EXERCISE -> Give again only what runs from the line with "vidaXL fekete ESG" to the final line of the entries below, exactly as written and without pictures.
————————
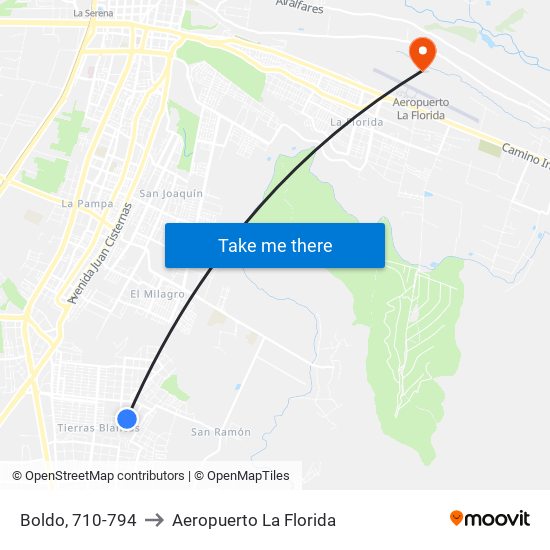 Boldo, 710-794 to Aeropuerto La Florida map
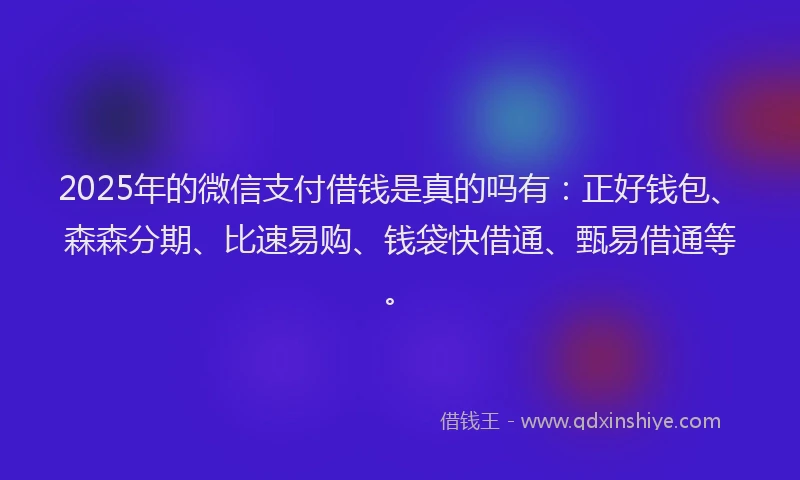 2025年的微信支付借钱是真的吗有：正好钱包、森森分期、比速易购、钱袋快借通、甄易借通等。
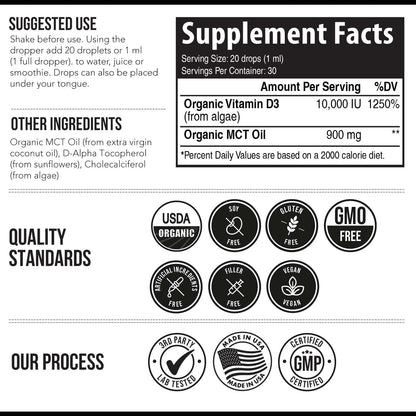 Organic Vitamin D3 10,000 IU – Vegan Drops, Plant-Based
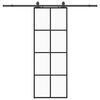 vidaXL fekete ESG &uuml;veg tol&oacute;ajt&oacute; f&eacute;mszerelv&eacute;ny-szettel 76x205 cm
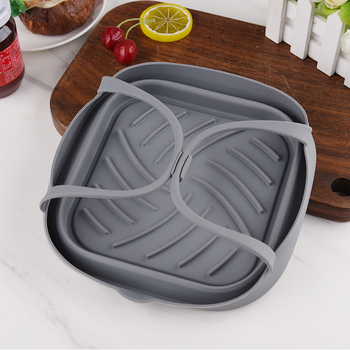 Tavă pliabilă din silicon, pătrată, pentru friteuza cu aer, cu două mâneri — tavă de coacere, coș de prăjit, covoraș de copt, formă de copt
————————
ANSWER BELOW ->
 vidaXL fekete ESG &uuml;veg tol&oacute;ajt&oacute; f&eacute;mszerelv&eacute;ny-szettel 76x205 cm
 Tavă pliabilă din silicon, pătrată, pentru friteuza cu aer, cu două mâneri — tavă de coacere, coș de prăjit, covoraș de copt, formă de copt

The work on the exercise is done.